# Dazzleglass for WOC



## Indigowaters (Nov 30, 2008)

Does anyone own any dazzleglass? If so, what colors compliment darker skin the most? And does anyone have pics wearing them? Thanks!


----------



## Cocopuff (Nov 30, 2008)

All of them look great.  I am NW45.  Although, Date Night over Pomposity lipstick with Nightmoth lipliner screams heaven for me!


----------



## MAChostage (Nov 30, 2008)

*^^ I agree, all of them look great on WoC (I'm currently NC44)!  I own Love Alert, Funtabulous, and Get Rich Quick.  My only problem with them is the quantity you get for the price you pay.  That bites.*


----------



## ShugAvery2001 (Nov 30, 2008)

they're pretty sheer hun.

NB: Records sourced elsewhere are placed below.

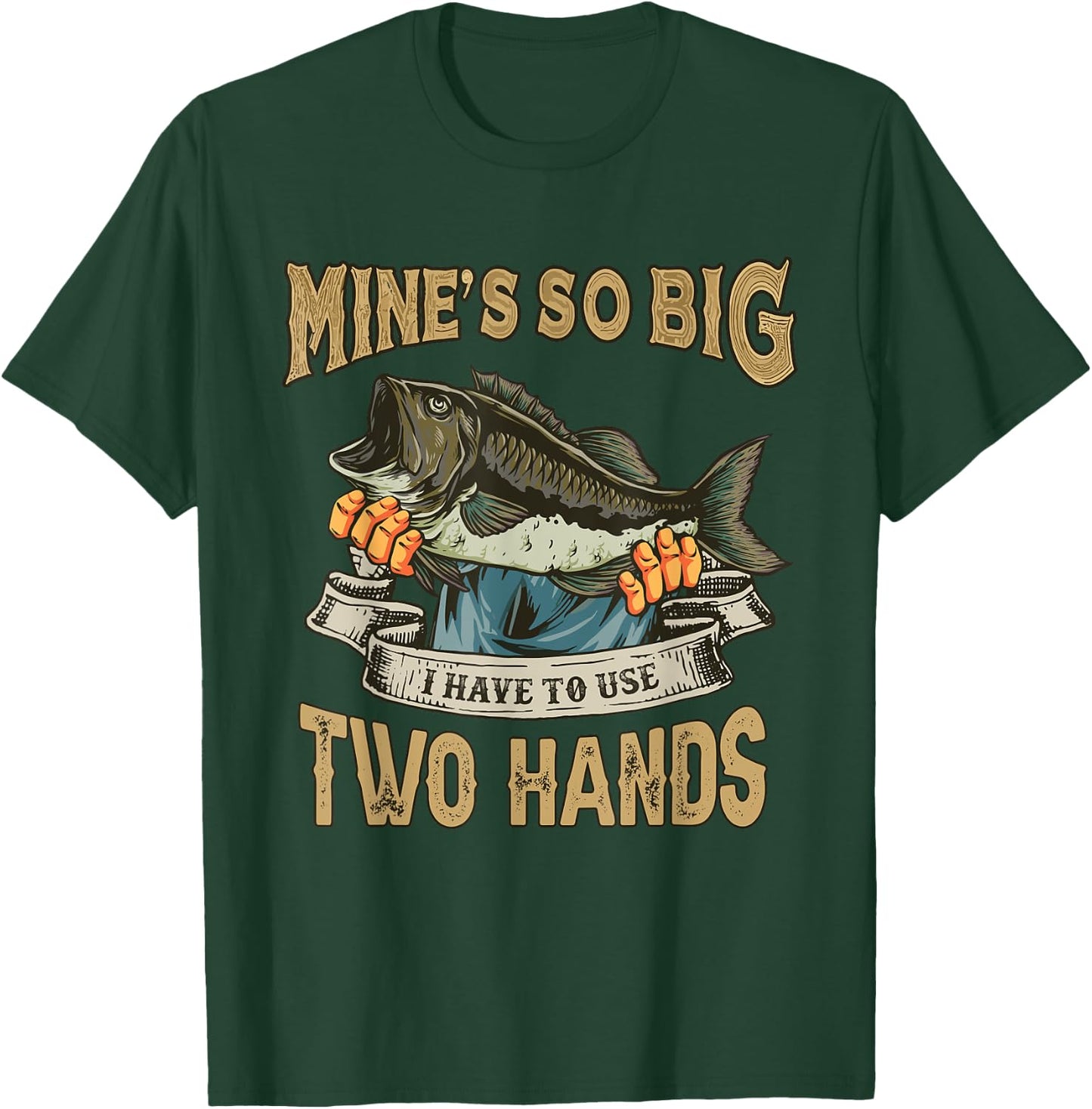 Mines So Big I Have to Use Two Hands Funny Bass Dad Fishing T-Shirt - T-Shirt | Forest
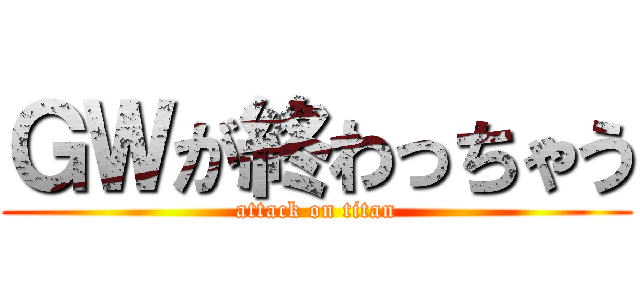 ＧＷが終わっちゃう (attack on titan)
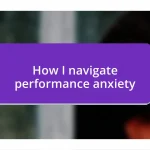 How I navigate performance anxiety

It's basically the glitters that make them stand out.. you can use them all. I pair them with my l/s


----------



## aziajs (Nov 30, 2008)

Gat any of them.  You can't go wrong.  I like the bold colors like Mss. Fizz, Funtabulous and Comet Blue but, seriously, they are all great!


----------



## TISH1124 (Nov 30, 2008)

Love them all..I have most...they are pretty solo or on top of other l/s
I *heart* sugarrimmed, baby sparks, Date Night and Like Venus


----------



## damsel (Nov 30, 2008)

agreed, ANYONE can wear these. i have all of them. my current faves are baby sparks & bare necessity.


----------



## Indigowaters (Nov 30, 2008)

Thanks all. I have Miss Dynamite, but have yet to wear it. But most likely I'll pair it with my lipstick and will be looking at getting some more.


----------